The seminar will be held over Microsoft Teams and to simplify matters, I would like to ask everyone interested in the seminar series to register here: https://forms.gle/C7S1Vcvw8gAVexiP6
|Tizian Schulz, Bielefeld University|
|Searching for Local Similarity in Pangenome Graphs|
|December 7, 2020, 4:00pm CET|
|Click here to join the meeting|
Increasing amounts of individual genomes sequenced per species motivate the usage of pangenomic approaches. Pangenomes may be represented as graphical structures, e.g. compacted colored de Bruijn graphs, which offer a low memory usage and facilitate reference-free sequence comparisons. While sequence-to-graph mapping to graphical pangenomes has been studied for quite some time, no local alignment search tool in the vein of BLAST has been proposed yet. Here we present a new heuristic method to find all maximum scoring local alignments of a DNA query sequence to a pangenome represented as a compacted colored de Bruijn graph. In addition to a mere comparison of query and pangenome sequences, it also allows a comparison of similarity among sequences within the pangenome. We show that local alignment scores follow an exponential-tail distribution similar to BLAST scores, and we discuss how to estimate its parameters to separate local alignments representing sequence homology from spurious findings.
Furthermore, we introduce the notions of quorum and search color set allowing to concentrate searches on specific parts of the pangenome without reconstructing the graph. An implementation of our method is presented and its performance and usability are shown. Our approach scales sublinearly in running time and memory usage with respect to the number of genomes under consideration. Thus, it is superior to classical methods that do not make use of sequence similarity within the pangenome.

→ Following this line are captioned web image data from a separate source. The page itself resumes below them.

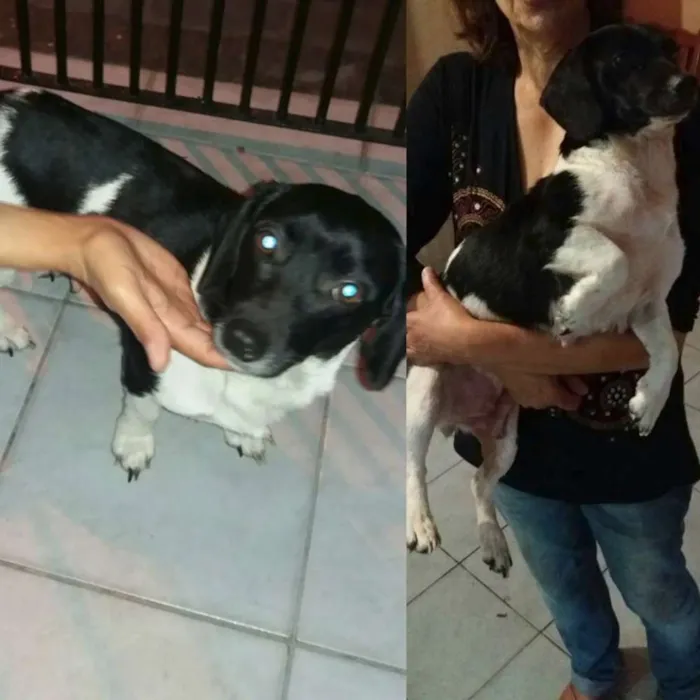 Cachorro ra a srd idade 1 ano nome Megan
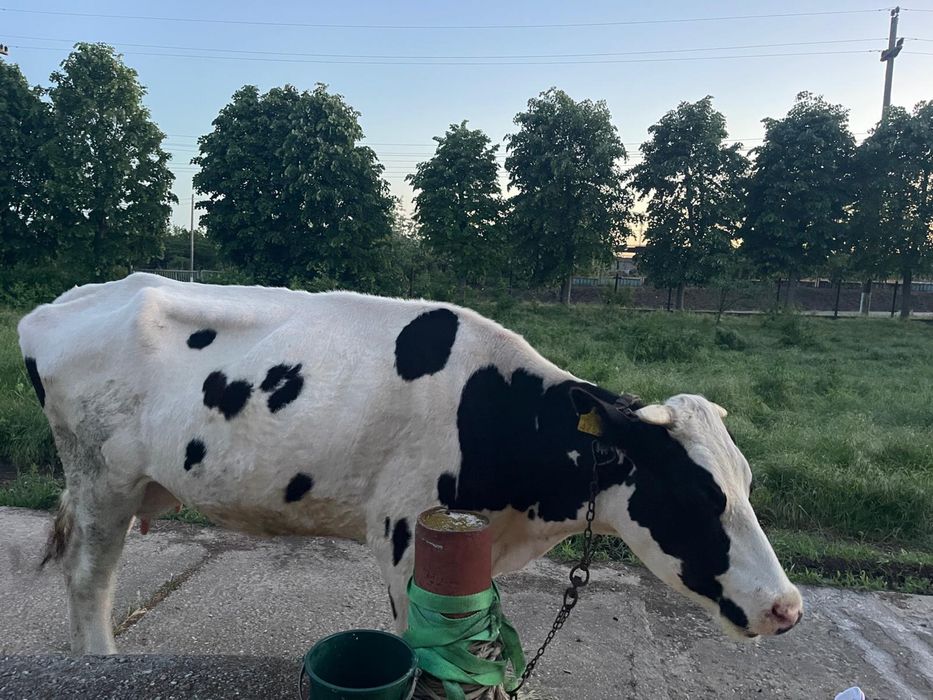 Vaca cu lapte de vanzare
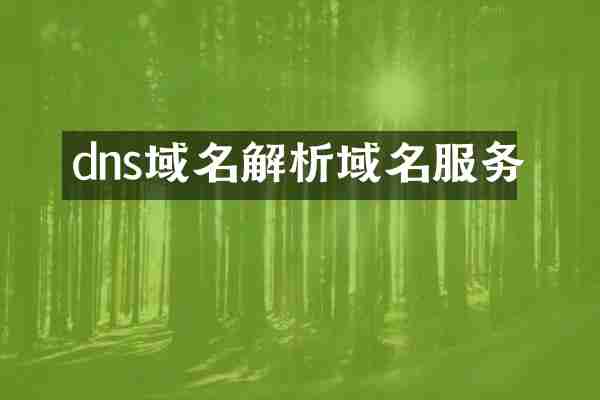 dns域名解析域名服务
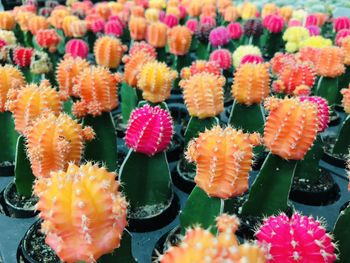 Close-up of pink flowering plants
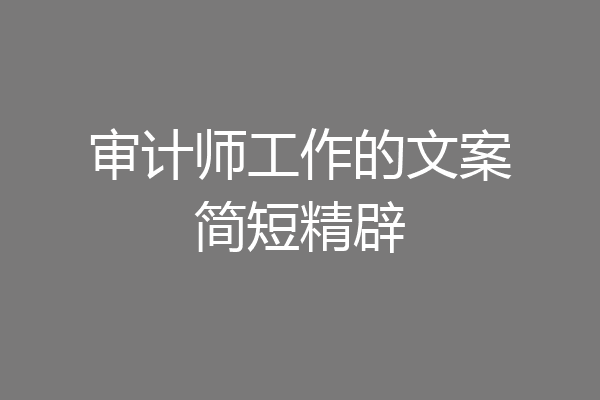 审计师工作的文案简短精辟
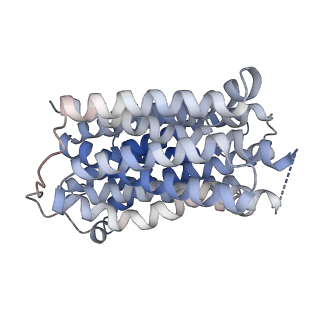 41242_8tgn_A_v1-0
VMAT1 dimer with serotonin and reserpine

Tizian Schulz is a PhD student in the working group Genome Informatics at Bielefeld University, headed by Jens Stoye. He is the student representative speaker of the graduate school DILS (Digital Infrastructure for the Life Sciences) at the Bielefeld Institute for Bioinformatics Infrastructure. His research interests lie in the field of sequence analysis and comparative genomics with a major focus on computational pangenomics. Prior to joining DILS, he was an affiliated member of the international research training group Computational Methods for the Diversity and Dynamics of Genomes and took an half year internship at the Vancouver Prostate Centre hosted by Faraz Hach. Large parts of the results presented in this talk were achieved during this time. He received his Master and Bachelor degrees in Bioinformatics and Genome Research at Bielefeld University in 2014 and 2016, respectively.